None of this would matter much, maybe, except that few moments in Canadian poetry have been hungrier for the future, its newness and potential, than the present. "A shakedown is in the works," is how Ken Babstock recently put it, "a kind of peer-directed reckoning of who's where and what's what." With such revisionism in the air, the appearance of any serene, perfectly settled perspective is a kind of mental decadence. And so recent books by pooh-bahs like Sam Solecki and W.H. New only confirm what has already become distressingly clear: the tenured world is ill-fitted for this era of change. What does it mean to publish, as Solecki has, a pair of docile studies on overhyped poets like Michael Ondaatje (Ragas of Longing) and Al Purdy (The Last Canadian Poet) or to publish, as New has, an encyclopedic run-through of our high points (A History of Canadian Literature) that excludes Don Coles, Richard Outram, Eric Ormsby, and Charle Bruce? It means you aren't working first-hand, that you've no interest in the grassroots energies of your subject and no nose for finding its groundbreaking moments. In the middle of the last century, Northrop Fry's insights caught, and shaped, the emerging careers of Atwood, Layton, and Reaney. E.K. Brown and Desmond Pacey's books were indispensable for anyone who needed to make sense of our then-surging poetry. And today? Today the professoriat's main contribution to 21st century Canadian poetry has been to ignore its shifting-and-developing complexity. The reassessments increasingly on display in Books in Canada, Arc or The Fiddlehead hold no thrill for Staines & Co. They see literature as a still-life; faced with sea-change, they can't react. This is why a hardmouthed, independent, belletristic criticism-what R.P. Blackmur dubbed "the formal discourse of an amateur"-is more vital than ever. We need to return our poetry to a condition of singularity and strangeness, and success depends on full-time "amateurs" willing to vex protocol with the idiosyncrasies, even perversities, of their biases. From their mettlesome reviews it's clear that poets like Asa Boxer, Kevin Connolly, Shane Neilson and Zach Wells have made this project the very engine of their criticism.

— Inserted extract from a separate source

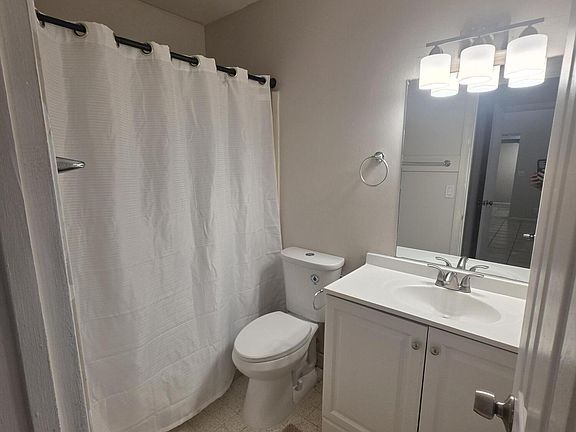 2nd image of 1320 SW 75TH Avenue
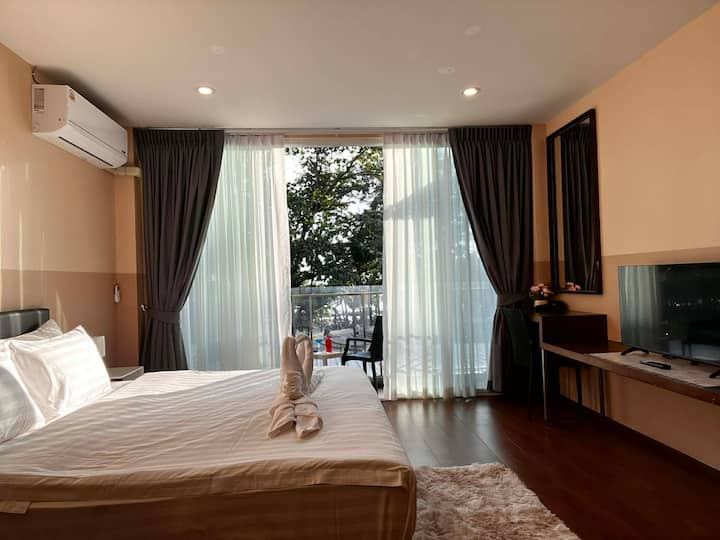 Sea Breeze Suiteวิวระเบียงพระอาทิตย์ตก102 - Patong Beach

If an underdog is what these knuckly grubstreeters need, a poet in perpetual endgame against the status quo, they could scarcely do better than Peter Trower. It doesn't hurt, either, that in an era of staid and sedentary existences Trower's got a great story. Born 1930 in England, he loses his test-pilot father to a plane crash; moves to Vancouver at age ten with mother and brother. Eight years later, needing cash, he drops out of school and signs up at a logging camp. For two decades he risks life and limb along the province's heavily timbered fjords, rising from whistlepunk (a signalman, often the youngest on a crew) to rigging slinger (second-in-command, he picked out the logs to set chokers on and shouted signals to the whistlepunk). In the face of conditions so punishing you'd think they would have asphyxiated any writerly ambition, poems begin pouring forth in the 1950s. Soon after his first book appears in 1969 he calls it quits to pursue a "dream of songs and stories". What greets him next is easy enough to guess. Some poets have a knack for delivering their product in an especially mesmeric way. Their poetry leaps out of the pack, gets fellow poets talking, finds a sort of fame. Trower, alas, was not one of those poets. Now entering its third decade, his career is still off to a slow start. This despite the tireless devotion of two publishers-Harbour and Ekstasis-who have between them given him thirteen books, including three novels.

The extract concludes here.